Data extracts:

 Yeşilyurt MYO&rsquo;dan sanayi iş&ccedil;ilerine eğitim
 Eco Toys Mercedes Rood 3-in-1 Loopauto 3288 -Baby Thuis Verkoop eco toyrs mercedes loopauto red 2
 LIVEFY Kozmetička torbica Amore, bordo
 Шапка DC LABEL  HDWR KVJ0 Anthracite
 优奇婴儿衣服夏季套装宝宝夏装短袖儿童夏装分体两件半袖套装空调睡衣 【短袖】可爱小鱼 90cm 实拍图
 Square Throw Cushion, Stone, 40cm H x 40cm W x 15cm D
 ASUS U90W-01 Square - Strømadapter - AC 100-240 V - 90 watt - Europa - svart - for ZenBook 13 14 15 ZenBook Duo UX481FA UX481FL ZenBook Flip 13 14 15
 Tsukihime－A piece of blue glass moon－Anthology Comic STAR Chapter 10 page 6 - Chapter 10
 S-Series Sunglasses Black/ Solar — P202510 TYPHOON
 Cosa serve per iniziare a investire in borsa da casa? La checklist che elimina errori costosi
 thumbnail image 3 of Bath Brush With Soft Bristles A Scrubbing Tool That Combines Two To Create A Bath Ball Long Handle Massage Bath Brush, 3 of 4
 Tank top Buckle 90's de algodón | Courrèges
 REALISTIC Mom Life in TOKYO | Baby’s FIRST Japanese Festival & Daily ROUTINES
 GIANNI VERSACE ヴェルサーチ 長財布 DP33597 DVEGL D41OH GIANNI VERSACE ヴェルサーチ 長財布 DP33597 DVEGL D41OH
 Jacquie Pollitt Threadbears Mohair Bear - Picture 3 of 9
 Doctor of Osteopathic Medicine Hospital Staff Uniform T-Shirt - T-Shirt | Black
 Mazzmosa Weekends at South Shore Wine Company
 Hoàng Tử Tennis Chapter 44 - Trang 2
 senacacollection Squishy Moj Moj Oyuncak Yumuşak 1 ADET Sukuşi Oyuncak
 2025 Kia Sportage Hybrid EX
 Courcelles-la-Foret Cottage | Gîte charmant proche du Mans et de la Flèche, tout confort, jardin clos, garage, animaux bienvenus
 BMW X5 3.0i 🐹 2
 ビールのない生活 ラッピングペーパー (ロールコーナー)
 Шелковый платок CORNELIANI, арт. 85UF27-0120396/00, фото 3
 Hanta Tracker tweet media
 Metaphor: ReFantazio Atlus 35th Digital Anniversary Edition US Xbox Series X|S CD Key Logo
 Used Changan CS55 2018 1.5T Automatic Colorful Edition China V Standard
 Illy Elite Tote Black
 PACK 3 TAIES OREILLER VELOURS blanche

Exercise requirements: Transcribe each record exactly. Leave nothing out.

Written answer:
 Yeşilyurt MYO&rsquo;dan sanayi iş&ccedil;ilerine eğitim
 Eco Toys Mercedes Rood 3-in-1 Loopauto 3288 -Baby Thuis Verkoop eco toyrs mercedes loopauto red 2
 LIVEFY Kozmetička torbica Amore, bordo
 Шапка DC LABEL  HDWR KVJ0 Anthracite
 优奇婴儿衣服夏季套装宝宝夏装短袖儿童夏装分体两件半袖套装空调睡衣 【短袖】可爱小鱼 90cm 实拍图
 Square Throw Cushion, Stone, 40cm H x 40cm W x 15cm D
 ASUS U90W-01 Square - Strømadapter - AC 100-240 V - 90 watt - Europa - svart - for ZenBook 13 14 15 ZenBook Duo UX481FA UX481FL ZenBook Flip 13 14 15
 Tsukihime－A piece of blue glass moon－Anthology Comic STAR Chapter 10 page 6 - Chapter 10
 S-Series Sunglasses Black/ Solar — P202510 TYPHOON
 Cosa serve per iniziare a investire in borsa da casa? La checklist che elimina errori costosi
 thumbnail image 3 of Bath Brush With Soft Bristles A Scrubbing Tool That Combines Two To Create A Bath Ball Long Handle Massage Bath Brush, 3 of 4
 Tank top Buckle 90's de algodón | Courrèges
 REALISTIC Mom Life in TOKYO | Baby’s FIRST Japanese Festival & Daily ROUTINES
 GIANNI VERSACE ヴェルサーチ 長財布 DP33597 DVEGL D41OH GIANNI VERSACE ヴェルサーチ 長財布 DP33597 DVEGL D41OH
 Jacquie Pollitt Threadbears Mohair Bear - Picture 3 of 9
 Doctor of Osteopathic Medicine Hospital Staff Uniform T-Shirt - T-Shirt | Black
 Mazzmosa Weekends at South Shore Wine Company
 Hoàng Tử Tennis Chapter 44 - Trang 2
 senacacollection Squishy Moj Moj Oyuncak Yumuşak 1 ADET Sukuşi Oyuncak
 2025 Kia Sportage Hybrid EX
 Courcelles-la-Foret Cottage | Gîte charmant proche du Mans et de la Flèche, tout confort, jardin clos, garage, animaux bienvenus
 BMW X5 3.0i 🐹 2
 ビールのない生活 ラッピングペーパー (ロールコーナー)
 Шелковый платок CORNELIANI, арт. 85UF27-0120396/00, фото 3
 Hanta Tracker tweet media
 Metaphor: ReFantazio Atlus 35th Digital Anniversary Edition US Xbox Series X|S CD Key Logo
 Used Changan CS55 2018 1.5T Automatic Colorful Edition China V Standard
 Illy Elite Tote Black
 PACK 3 TAIES OREILLER VELOURS blanche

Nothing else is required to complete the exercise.